On 7 August 1905 Judge Hunt revealed a stunning decision. He concluded that while the treaties did not specifically mention water rights, there was an implied reservation of enough water for irrigation (Hudley 1982). This decision was based on both the purpose of the treaty and the climatic conditions of Montana. The result was the reservation of enough water for Fort Belknap, subject to change as needs changed.

Immediately following the decision, the case was taken to the 9th Circuit Court of Appeals. The main argument was that Judge Hunt had given the Native Americans a right they did not actually want. The settlers believed the Native Americans did not intend to practice agriculture. No evidence supports this claim, however. In February 1906, Judge Hunt's ruling was upheld. The court stated, ‘The government and the Indians…knew the ‘soil could not be cultivated’ without the use of water to ‘irrigate the same’’ (Hudley 1982).

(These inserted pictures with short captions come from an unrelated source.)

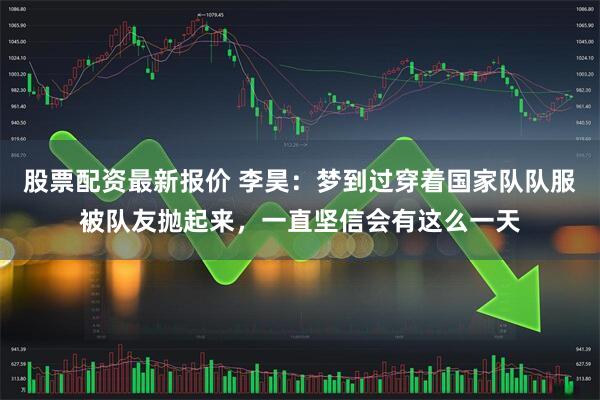 股票配资最新报价 李昊:梦到过穿着国家队队服被队友抛起来,一直坚信会有这么一天
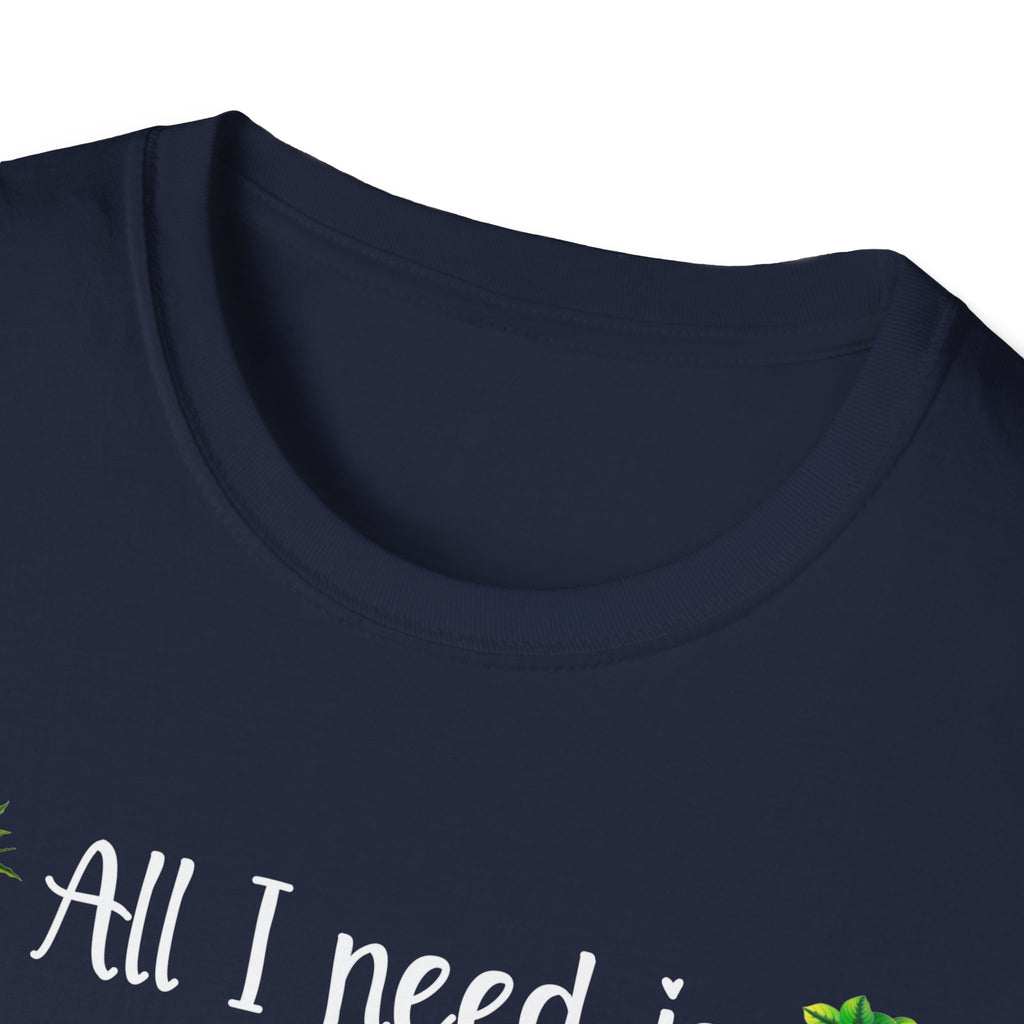 Plant Lover Unisex Softstyle Gardening T-Shirt - "All I Need Is This Plant and That Other Plant"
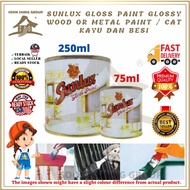 Sunlux Gloss Paint High Gloss Wood & Metal Paint / Cat Minyak / Cat Kayu, Besi, Plastic, Aluminum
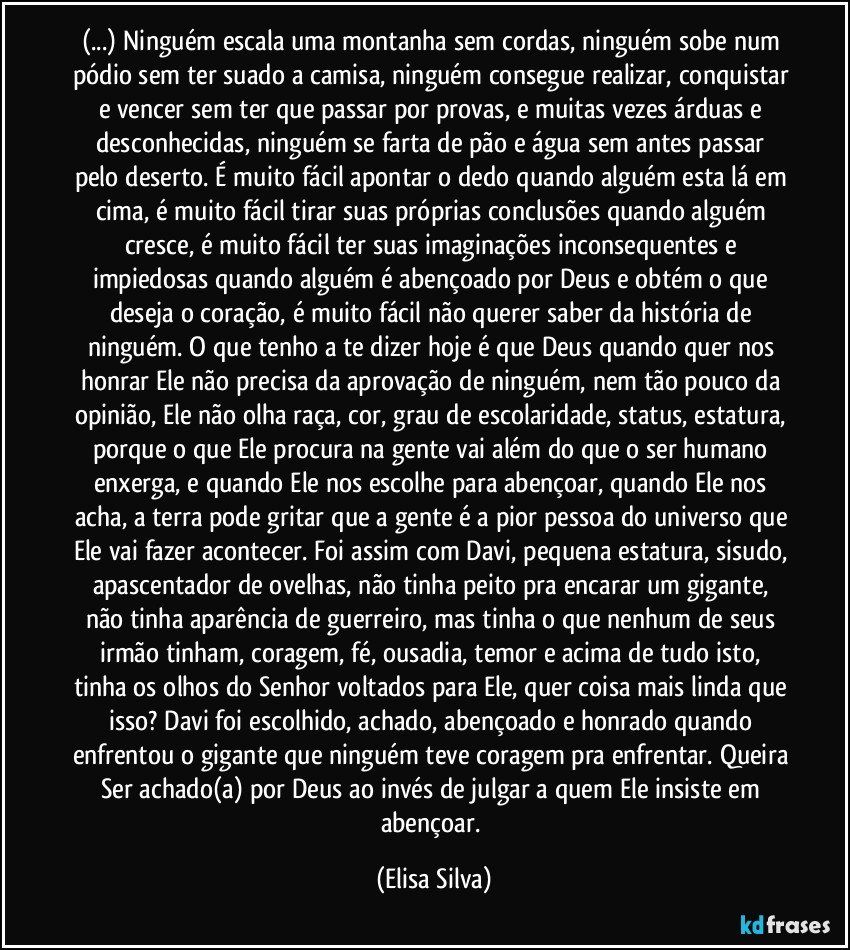 (...) Ninguém escala uma montanha sem cordas, ninguém sobe num pódio sem ter suado a camisa, ninguém consegue realizar, conquistar e vencer sem ter que passar por provas, e muitas vezes árduas e desconhecidas, ninguém se farta de pão e água sem antes passar pelo deserto. É muito fácil apontar o dedo quando alguém esta lá em cima, é muito fácil tirar suas próprias conclusões quando alguém cresce, é muito fácil ter suas imaginações inconsequentes e impiedosas quando alguém é abençoado por Deus e obtém o que deseja o coração, é muito fácil não querer saber da história de ninguém. O que tenho a te dizer hoje é que Deus quando quer nos honrar Ele não precisa da aprovação de ninguém, nem tão pouco da opinião, Ele não olha raça, cor, grau de escolaridade, status, estatura, porque o que Ele procura na gente vai além do que o ser humano enxerga, e quando Ele nos escolhe para abençoar, quando Ele nos acha, a terra pode gritar que a gente é a pior pessoa do universo que Ele vai fazer acontecer. Foi assim com Davi, pequena estatura, sisudo, apascentador de ovelhas, não tinha peito pra encarar um gigante, não tinha aparência de guerreiro, mas tinha o que nenhum de seus irmão tinham, coragem, fé, ousadia, temor e acima de tudo isto, tinha os olhos do Senhor voltados para Ele, quer coisa mais linda que isso? Davi foi escolhido, achado, abençoado e honrado quando enfrentou o gigante que ninguém teve coragem pra enfrentar. Queira Ser achado(a) por Deus ao invés de julgar a quem Ele insiste em abençoar. (Elisa Silva)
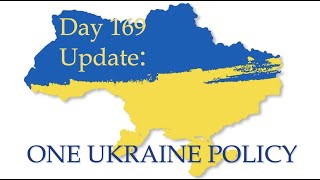 WHY ISN'T THERE A ONE UKRAINE POLICY? What happened on Day 169 of the Russian invasion of Ukraine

The US Supreme Court heard a final appeal in 1907. In January 1908, the Supreme Court upheld the original decision stating, ‘It was the policy of the government, it was the desire of the Indians, to change those habits and to become a pastoral and civilized people…the lands were arid, and, without irrigation, were practically valueless.’ Further, Judge McKenna recognized that ‘the lands were ceded…and some argument may be urged…that with their cession there was the cession of the waters…and civilized communities could not be established thereon.’ Presented with this conflict, the courts upheld the commonly practiced rule that states, ‘Ambiguities occurring will be resolved from the standpoint of the Indians’ (Winters v. United States 1908). Thus, rights to water for Native Americans were established.

McCarran Amendment

The US is entitled to a potentially large quantity of water in the west because it owns about 60% of the lands within the various watersheds (Kleppinger 1977; Pacheco 1988). It is, therefore, vital that any federal claims to water rights are considered when states appropriate waters for other users. However, there are two court systems, federal and state, in water rights claims when river systems with federal rights are involved (Pacheco 1988). This dual system for stream adjudications prompted Congress to develop and enact the McCarran Amendment (1952).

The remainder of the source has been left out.